►

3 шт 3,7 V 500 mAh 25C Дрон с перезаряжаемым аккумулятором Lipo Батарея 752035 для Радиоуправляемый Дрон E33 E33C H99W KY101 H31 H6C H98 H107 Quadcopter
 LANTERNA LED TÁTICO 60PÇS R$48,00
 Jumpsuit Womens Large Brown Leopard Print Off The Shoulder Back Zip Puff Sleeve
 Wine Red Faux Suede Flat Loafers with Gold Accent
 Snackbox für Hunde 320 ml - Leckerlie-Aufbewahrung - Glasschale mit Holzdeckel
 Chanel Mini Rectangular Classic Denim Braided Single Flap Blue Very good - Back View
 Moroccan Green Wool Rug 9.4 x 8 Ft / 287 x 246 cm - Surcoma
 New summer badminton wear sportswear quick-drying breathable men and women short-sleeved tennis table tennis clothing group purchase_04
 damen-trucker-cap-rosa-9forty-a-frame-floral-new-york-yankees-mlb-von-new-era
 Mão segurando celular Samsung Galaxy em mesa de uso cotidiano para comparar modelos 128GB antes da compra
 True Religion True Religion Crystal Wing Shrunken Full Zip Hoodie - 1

◄

- What this task involves -
Copy out each line of the data that holds the string "Back".

- Exercise output -
 Jumpsuit Womens Large Brown Leopard Print Off The Shoulder Back Zip Puff Sleeve
 Chanel Mini Rectangular Classic Denim Braided Single Flap Blue Very good - Back View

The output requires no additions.